Look below for the line with "Le logo d'Override 2: Super Mech League". Retype it and every line after it to the end, exactly, but leave out the pictures.

== Records to use

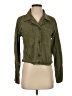 Sanctuary 100% Cotton Green Jacket Size S - photo 1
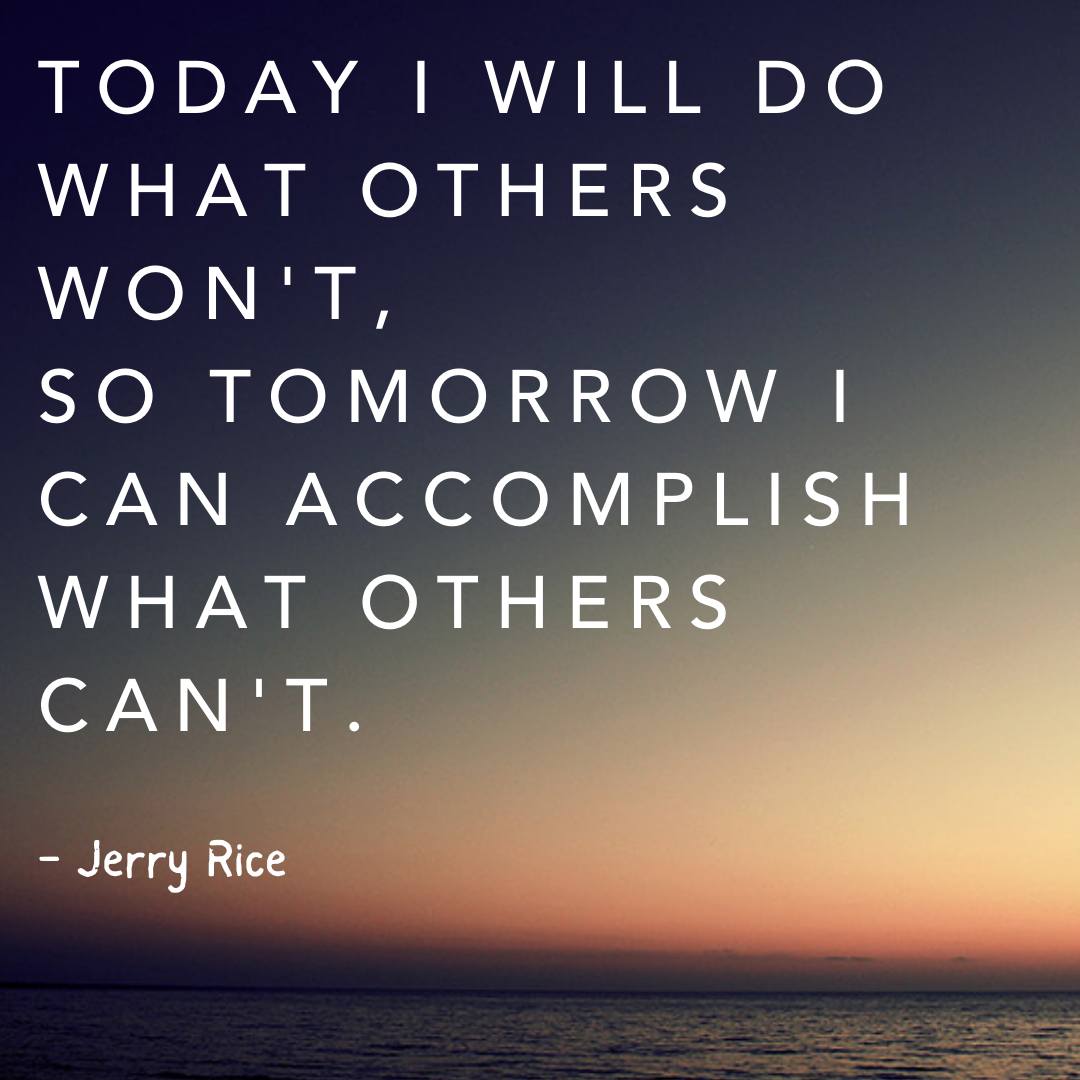 Motivational Quotes: Jerry Rice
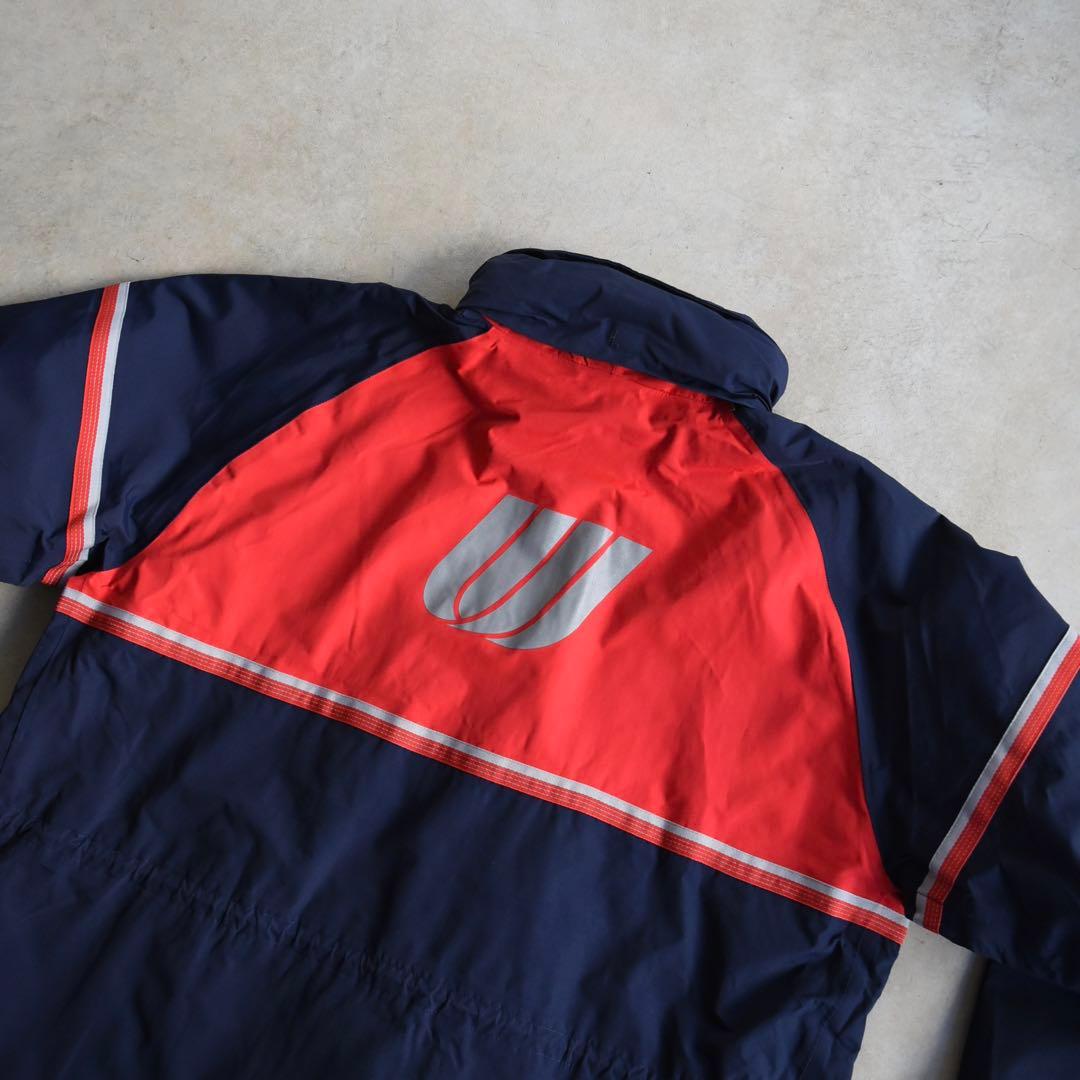 90s UNITED ユナイテッド航空 ナイロンジャケット 企業物 未使用 L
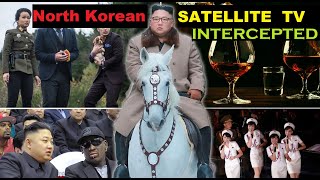 North Korean TV  Satellite Intercepted [upl. by Ruhtra692]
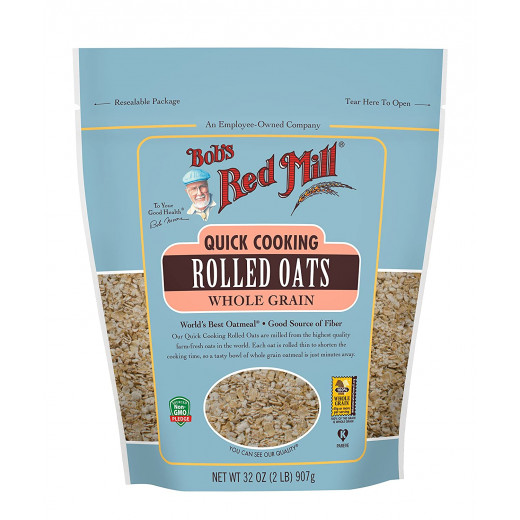 Bob's Red Mill Quick Cooking Rolled Oats, 907gram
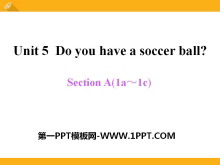 《Do you have a soccer ball?》PPT课件11-第一PPT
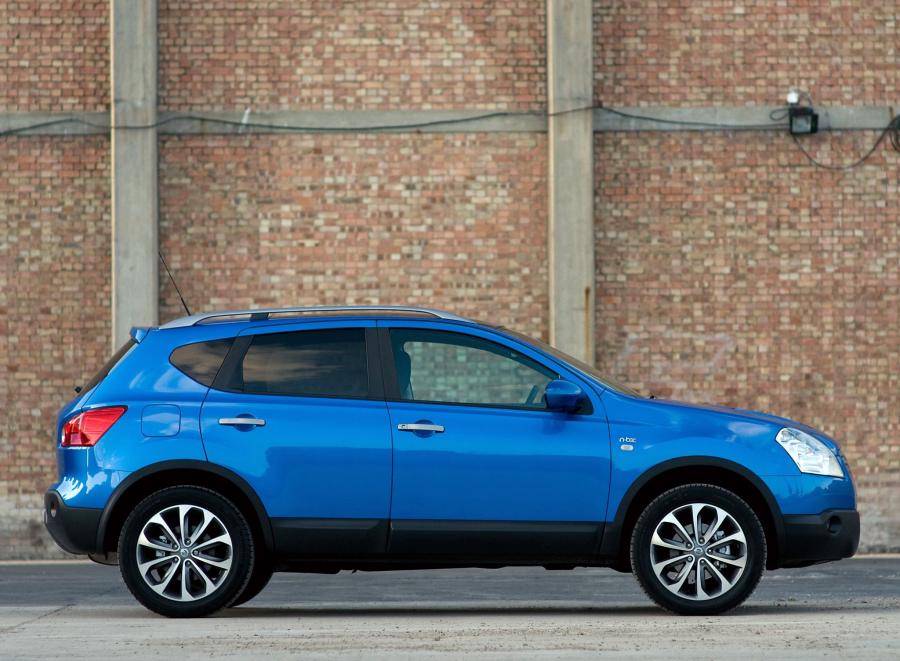  Nissan Qashqai 2007 года  (UK) (фото 4 из 11)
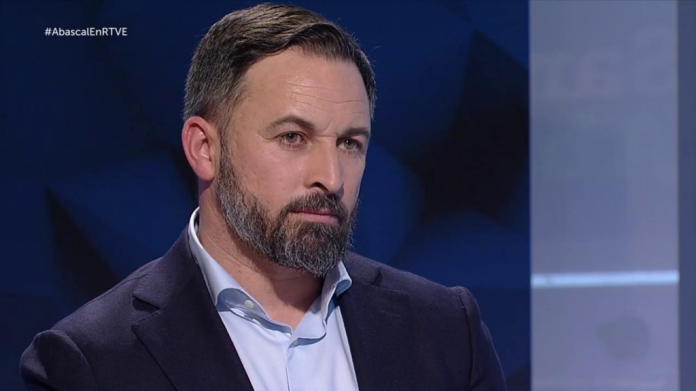 Santiago Abascal - liderazgo vox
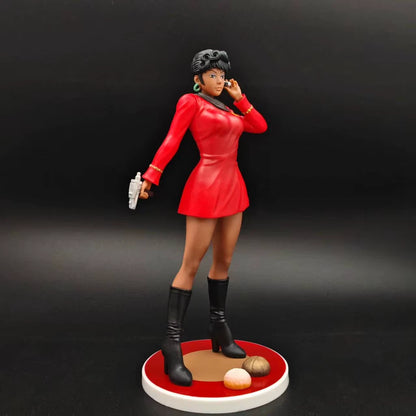 Nyota Uhura Star Trek Collectible Classic Figure Statue Model PVC 7.9" [No Box]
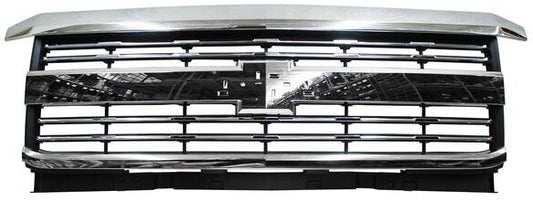 PARRILLA CHEV PU 15-18 2500/3500 HD CROMO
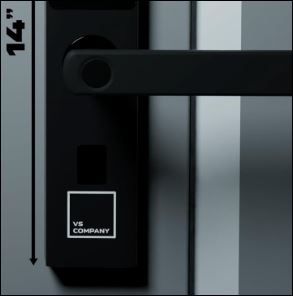 Photo 1 of Smart Lock, VS Company Smart Door Handle, Fingerprint, Keyless Entry Door Lock with Handle, Digital Lock with Keypad, Electronic Passcode Smart Door Lock for Front Door, Keypad Door Handle
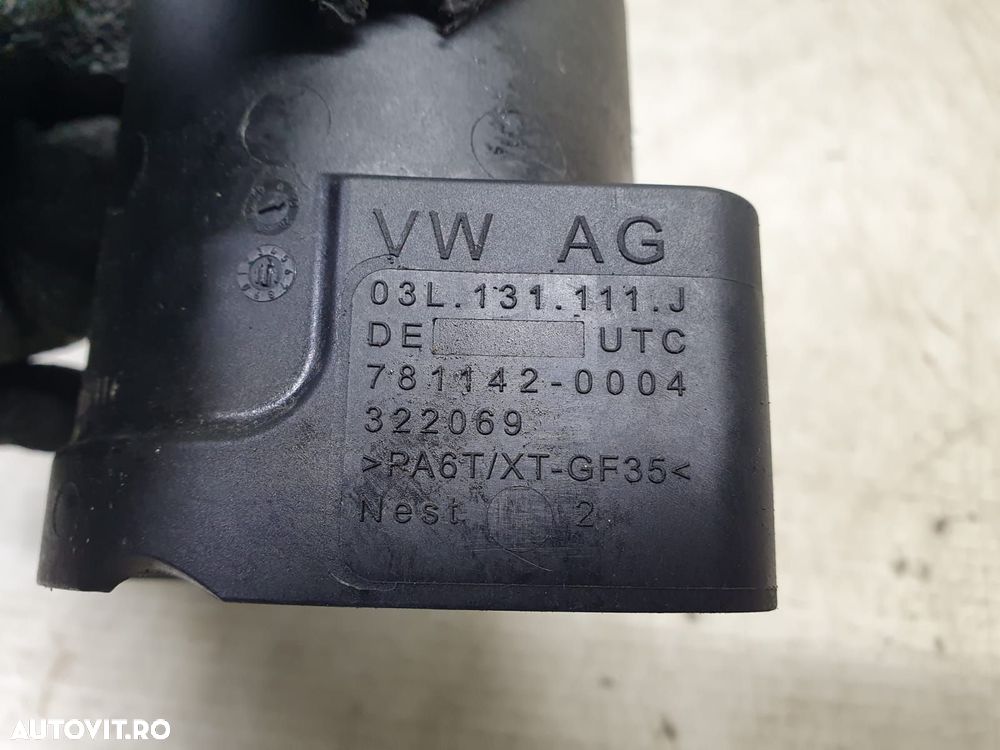 Conducta intercooler 03L131111j  1.6 tdi CAYC Skoda Octavia 2 [faceli - 3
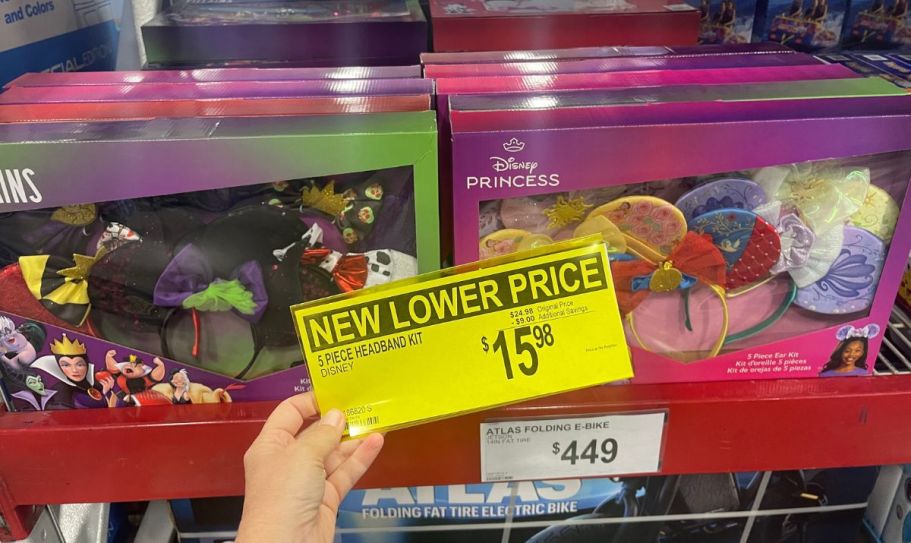 Disney Mouse Ears Headband 5-Piece Set Only $15.98 at Sam’s Club (Just $3 Per Pair)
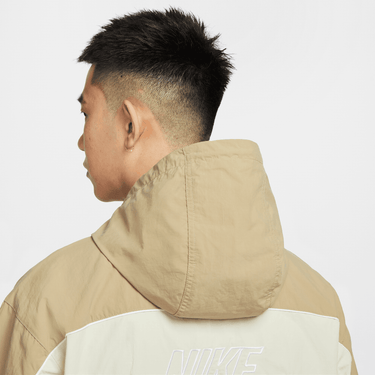 NIKE CLUB MEN'S HOODED JACKET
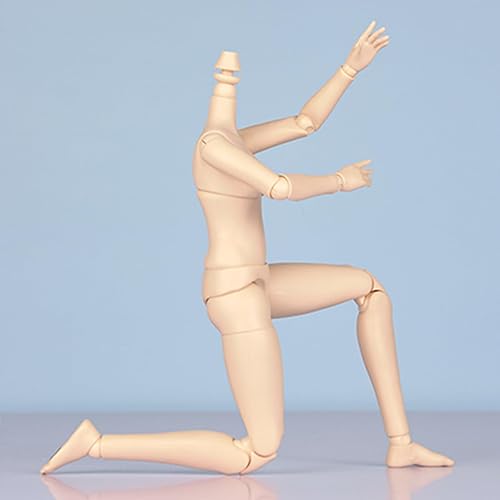 Miniatura 10 de YMY23 25 - Muñeca de articulación corporal masculina compatible con Ob22 OB24 GSC BJD, cabeza de muñeca, juguete de coleccionista, regalo, maniquí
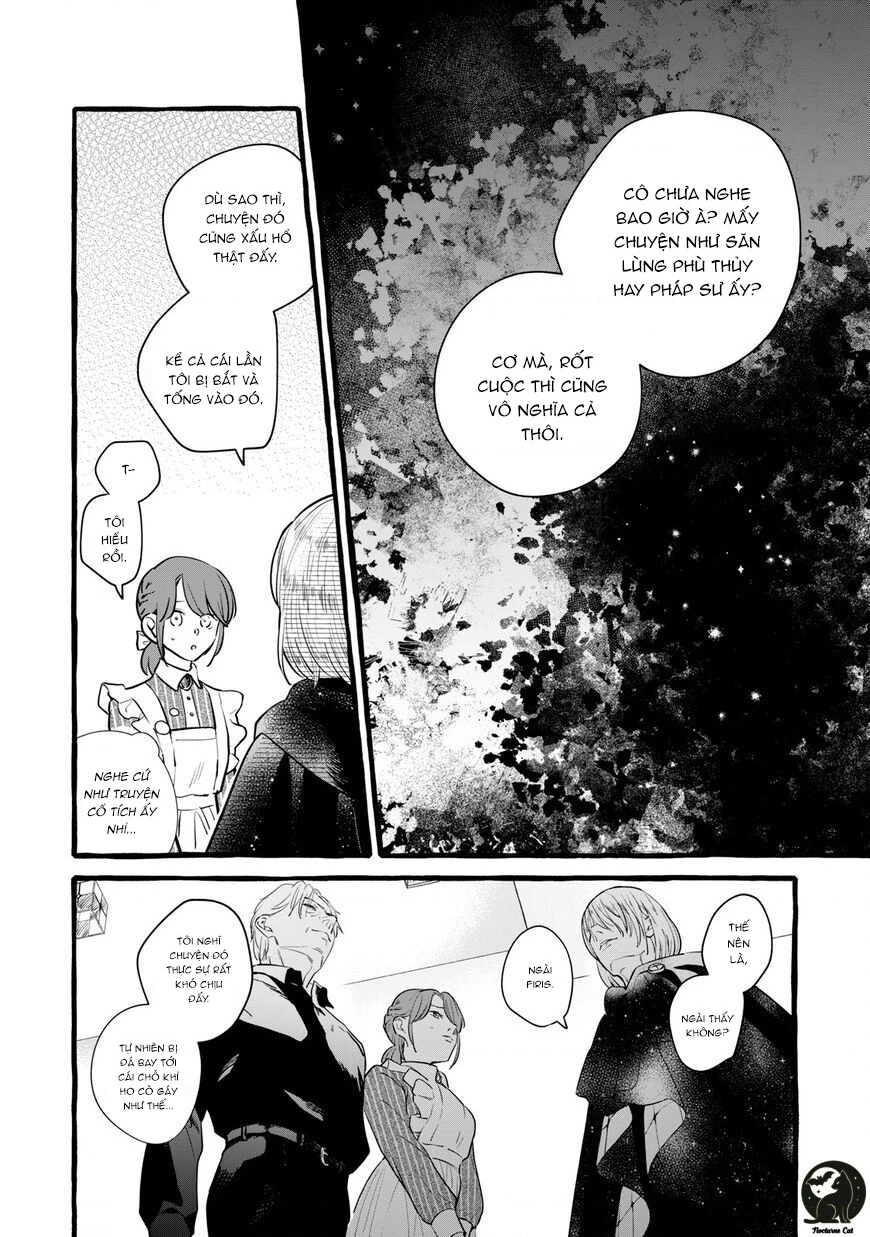 Liệu Có Thể Tìm Được Một Công Việc Lâu Dài Không? Bắt Đầu Cuộc Sống Mới Với Một Vị Pháp Sư Ít Nói Và Khó Gần~ Chapter 13 - 6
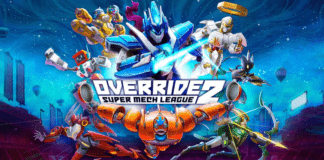 Le logo d'Override 2: Super Mech League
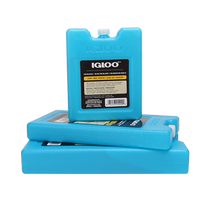 (Self-operated) IGLOO blue ice box ice brick ice board ice bag reusable breast milk storage refrigeration freshness and refrigeration
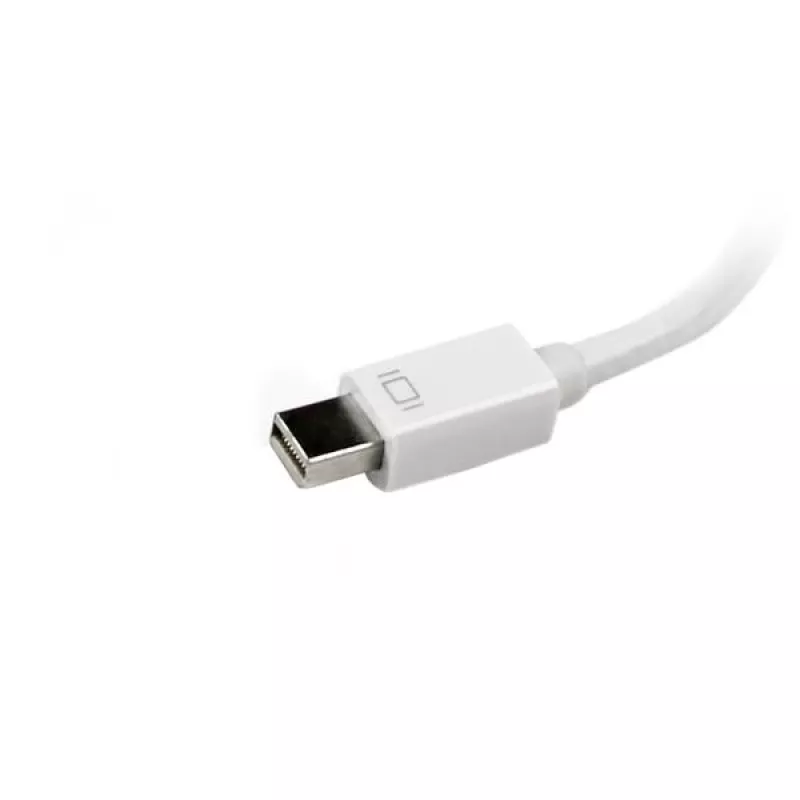 StarTech.com Travel A/V Adapter: 3-in-1 Mini DisplayPort auf VGA DVI oder HDMI Konverter - Weiß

====

- [Worked solution]:
 Le logo d'Override 2: Super Mech League
 (Self-operated) IGLOO blue ice box ice brick ice board ice bag reusable breast milk storage refrigeration freshness and refrigeration
 StarTech.com Travel A/V Adapter: 3-in-1 Mini DisplayPort auf VGA DVI oder HDMI Konverter - Weiß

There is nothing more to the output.